La France est-elle intolérante ? Non, à condition d’interpréter la laïcité comme une ouverture au pluralisme et de comprendre qu’aujourd’hui, le débat sur les signes religieux est beaucoup moins virulent.
À propos de : Charles Mercier et Philippe Portier, Les Jeunes et leur laïcité, Presses de Sciences Po ; Alain Policar, Laïcité : le grand malentendu, Flammarion
La France est-elle intolérante ? Non, à condition d’interpréter la laïcité comme une ouverture au pluralisme et de comprendre qu’aujourd’hui, le débat sur les signes religieux est beaucoup moins virulent.
Publiés simultanément à l’approche des 120 ans de la loi du 9 décembre 1905, l’ouvrage d’Alain Policar et celui écrit par Charles Mercier et par Philippe Portier envisagent la laïcité comme le point où se cristallise une mésentente devenue fondamentale entre une conception libérale et tolérante, fidèle à l’esprit de la loi de Séparation des Églises et de l’État, et une interprétation sécuritaire, oscillant entre méfiance et hostilité à l’égard des manifestations religieuses des minorités.
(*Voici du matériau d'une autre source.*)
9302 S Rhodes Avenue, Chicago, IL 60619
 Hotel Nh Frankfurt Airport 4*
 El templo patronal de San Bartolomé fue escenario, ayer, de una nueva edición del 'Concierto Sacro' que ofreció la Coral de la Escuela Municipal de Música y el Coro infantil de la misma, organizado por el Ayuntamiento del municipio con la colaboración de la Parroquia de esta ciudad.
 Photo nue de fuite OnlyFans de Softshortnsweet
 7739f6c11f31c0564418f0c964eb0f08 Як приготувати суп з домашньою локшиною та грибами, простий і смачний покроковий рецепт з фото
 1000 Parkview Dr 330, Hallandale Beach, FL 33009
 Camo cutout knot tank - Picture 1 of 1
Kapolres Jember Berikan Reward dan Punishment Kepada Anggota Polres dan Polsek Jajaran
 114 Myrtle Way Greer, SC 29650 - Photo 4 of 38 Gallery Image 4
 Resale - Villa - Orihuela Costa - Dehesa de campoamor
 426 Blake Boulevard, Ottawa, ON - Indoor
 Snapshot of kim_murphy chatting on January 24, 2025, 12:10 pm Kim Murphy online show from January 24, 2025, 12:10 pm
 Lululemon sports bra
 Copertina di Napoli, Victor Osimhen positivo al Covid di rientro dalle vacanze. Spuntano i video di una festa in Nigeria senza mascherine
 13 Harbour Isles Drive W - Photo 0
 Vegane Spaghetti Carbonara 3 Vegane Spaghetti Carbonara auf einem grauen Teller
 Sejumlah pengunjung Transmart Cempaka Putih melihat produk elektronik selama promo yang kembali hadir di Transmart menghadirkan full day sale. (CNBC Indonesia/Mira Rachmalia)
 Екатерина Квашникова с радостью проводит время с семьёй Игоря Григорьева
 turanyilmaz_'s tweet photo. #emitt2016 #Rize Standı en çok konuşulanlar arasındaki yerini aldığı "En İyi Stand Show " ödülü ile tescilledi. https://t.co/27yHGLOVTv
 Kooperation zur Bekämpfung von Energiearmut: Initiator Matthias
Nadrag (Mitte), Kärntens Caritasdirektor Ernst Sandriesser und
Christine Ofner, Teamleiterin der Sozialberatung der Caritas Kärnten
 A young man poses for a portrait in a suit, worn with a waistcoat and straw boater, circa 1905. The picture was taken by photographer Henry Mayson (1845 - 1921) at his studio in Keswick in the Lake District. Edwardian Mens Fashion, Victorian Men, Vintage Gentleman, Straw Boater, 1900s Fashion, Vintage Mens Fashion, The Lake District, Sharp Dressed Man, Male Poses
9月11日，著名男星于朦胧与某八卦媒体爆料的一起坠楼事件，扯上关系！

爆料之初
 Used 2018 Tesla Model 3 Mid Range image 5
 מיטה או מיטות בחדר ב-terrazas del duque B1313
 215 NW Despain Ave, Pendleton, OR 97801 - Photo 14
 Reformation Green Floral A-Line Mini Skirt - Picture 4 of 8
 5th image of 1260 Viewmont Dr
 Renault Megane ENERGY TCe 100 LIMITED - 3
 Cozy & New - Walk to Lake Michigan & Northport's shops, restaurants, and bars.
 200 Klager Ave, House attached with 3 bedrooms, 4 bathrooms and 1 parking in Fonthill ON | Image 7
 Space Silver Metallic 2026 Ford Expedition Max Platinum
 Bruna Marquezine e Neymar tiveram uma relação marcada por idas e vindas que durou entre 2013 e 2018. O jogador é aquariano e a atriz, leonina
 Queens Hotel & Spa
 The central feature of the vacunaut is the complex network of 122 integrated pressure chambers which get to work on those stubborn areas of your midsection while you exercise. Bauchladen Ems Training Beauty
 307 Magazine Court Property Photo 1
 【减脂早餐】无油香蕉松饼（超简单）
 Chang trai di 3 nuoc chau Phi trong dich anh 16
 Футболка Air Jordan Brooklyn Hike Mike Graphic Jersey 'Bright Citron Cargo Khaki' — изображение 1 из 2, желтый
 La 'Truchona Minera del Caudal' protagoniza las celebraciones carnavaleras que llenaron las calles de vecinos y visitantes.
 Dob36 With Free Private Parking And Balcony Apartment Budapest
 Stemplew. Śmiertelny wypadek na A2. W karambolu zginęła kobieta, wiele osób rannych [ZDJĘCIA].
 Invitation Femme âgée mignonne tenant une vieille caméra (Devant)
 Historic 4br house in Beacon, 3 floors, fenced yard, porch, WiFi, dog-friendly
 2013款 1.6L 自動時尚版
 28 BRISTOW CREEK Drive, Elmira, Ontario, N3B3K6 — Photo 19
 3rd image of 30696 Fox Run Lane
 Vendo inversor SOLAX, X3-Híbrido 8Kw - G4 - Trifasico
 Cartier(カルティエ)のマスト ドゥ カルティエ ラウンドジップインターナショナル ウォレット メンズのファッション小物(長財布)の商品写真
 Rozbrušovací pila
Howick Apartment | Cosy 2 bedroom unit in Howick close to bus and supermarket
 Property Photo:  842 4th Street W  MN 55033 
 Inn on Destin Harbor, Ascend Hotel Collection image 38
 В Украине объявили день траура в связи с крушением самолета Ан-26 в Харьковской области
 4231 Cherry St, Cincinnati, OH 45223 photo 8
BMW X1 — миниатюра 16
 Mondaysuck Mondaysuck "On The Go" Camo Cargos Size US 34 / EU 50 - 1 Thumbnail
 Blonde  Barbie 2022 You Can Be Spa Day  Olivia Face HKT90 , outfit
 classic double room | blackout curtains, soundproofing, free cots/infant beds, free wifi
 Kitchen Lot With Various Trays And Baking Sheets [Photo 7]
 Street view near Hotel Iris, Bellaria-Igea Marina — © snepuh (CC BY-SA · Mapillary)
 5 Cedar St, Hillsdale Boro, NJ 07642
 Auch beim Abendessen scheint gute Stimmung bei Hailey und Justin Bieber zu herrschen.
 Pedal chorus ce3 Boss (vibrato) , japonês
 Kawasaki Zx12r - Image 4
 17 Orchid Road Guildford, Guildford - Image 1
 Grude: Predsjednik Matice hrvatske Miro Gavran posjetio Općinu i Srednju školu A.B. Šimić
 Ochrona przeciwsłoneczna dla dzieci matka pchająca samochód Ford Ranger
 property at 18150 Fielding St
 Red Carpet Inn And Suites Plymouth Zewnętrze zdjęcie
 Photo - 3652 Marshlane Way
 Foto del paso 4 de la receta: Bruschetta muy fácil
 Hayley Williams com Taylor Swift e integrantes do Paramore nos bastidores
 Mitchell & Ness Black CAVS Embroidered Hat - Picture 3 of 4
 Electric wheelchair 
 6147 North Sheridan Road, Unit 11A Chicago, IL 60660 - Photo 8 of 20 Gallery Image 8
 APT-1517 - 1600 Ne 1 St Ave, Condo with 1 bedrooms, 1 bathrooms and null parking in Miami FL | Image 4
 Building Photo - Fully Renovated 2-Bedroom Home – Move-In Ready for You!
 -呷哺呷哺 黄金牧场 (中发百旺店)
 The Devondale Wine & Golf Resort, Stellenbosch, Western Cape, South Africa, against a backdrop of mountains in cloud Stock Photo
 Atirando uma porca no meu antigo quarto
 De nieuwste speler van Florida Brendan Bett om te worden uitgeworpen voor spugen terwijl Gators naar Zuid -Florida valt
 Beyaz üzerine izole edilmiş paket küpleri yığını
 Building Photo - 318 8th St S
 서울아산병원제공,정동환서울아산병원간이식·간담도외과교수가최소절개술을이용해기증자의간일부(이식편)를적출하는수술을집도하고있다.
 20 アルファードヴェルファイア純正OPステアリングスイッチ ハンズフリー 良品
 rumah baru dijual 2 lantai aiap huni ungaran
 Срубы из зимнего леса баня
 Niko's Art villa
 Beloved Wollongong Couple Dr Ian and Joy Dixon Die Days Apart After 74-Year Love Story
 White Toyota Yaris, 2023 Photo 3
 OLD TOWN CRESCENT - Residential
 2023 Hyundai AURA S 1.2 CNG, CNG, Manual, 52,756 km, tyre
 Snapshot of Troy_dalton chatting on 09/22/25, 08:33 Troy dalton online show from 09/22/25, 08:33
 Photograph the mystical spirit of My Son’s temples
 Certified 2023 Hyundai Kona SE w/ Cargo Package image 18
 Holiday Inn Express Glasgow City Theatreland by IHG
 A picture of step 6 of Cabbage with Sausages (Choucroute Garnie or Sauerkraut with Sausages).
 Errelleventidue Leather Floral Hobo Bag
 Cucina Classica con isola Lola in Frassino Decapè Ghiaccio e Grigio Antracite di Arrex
Les deux livres abordent ainsi la fragmentation politique autour de la laïcité comme un révélateur, plus largement, du rapport à l’altérité religieuse et culturelle tel qu’il se déploierait dans la France contemporaine. La différence entre les deux approches est celle du terrain d’étude — ce qui peut les rendre, d’une certaine façon, complémentaires. Alain Policar, s’intéressant historiquement et philosophiquement aux champs politique (discours, actes législatifs et réglementaires) et intellectuel, met en lumière une distorsion progressive du principe de laïcité devenu valeur de la République, c’est-à-dire un élément identitaire, au prix d’incohérences et d’un renoncement à l’esprit de pacification hérité d’Aristide Briand. Cette analyse s’articule avec la promotion d’un modèle actualisé de républicanisme, inspiré par les travaux contemporains de philosophie et de théorie politique. Charles Mercier et Philippe Portier, de leur côté, se concentrent en sociologues sur les opinions exprimées dans la population, comparant les représentations de la laïcité des plus jeunes à celles de leurs aînés. Le résultat principal est de relativiser l’idée d’un fossé générationnel existant au sein de la société. Si des différences notables de positionnement entre la cohorte des 18-30 ans et celles qui la précèdent sont observables, elles ne doivent pas occulter, d’une part, la segmentation qui s’observe au sein de la jeunesse et, d’autre part, les importantes convergences intergénérationnelles formant un consensus moral plus important qu’il n’a pu l’être par le passé, autour d’une conception libérale très « briandiste ».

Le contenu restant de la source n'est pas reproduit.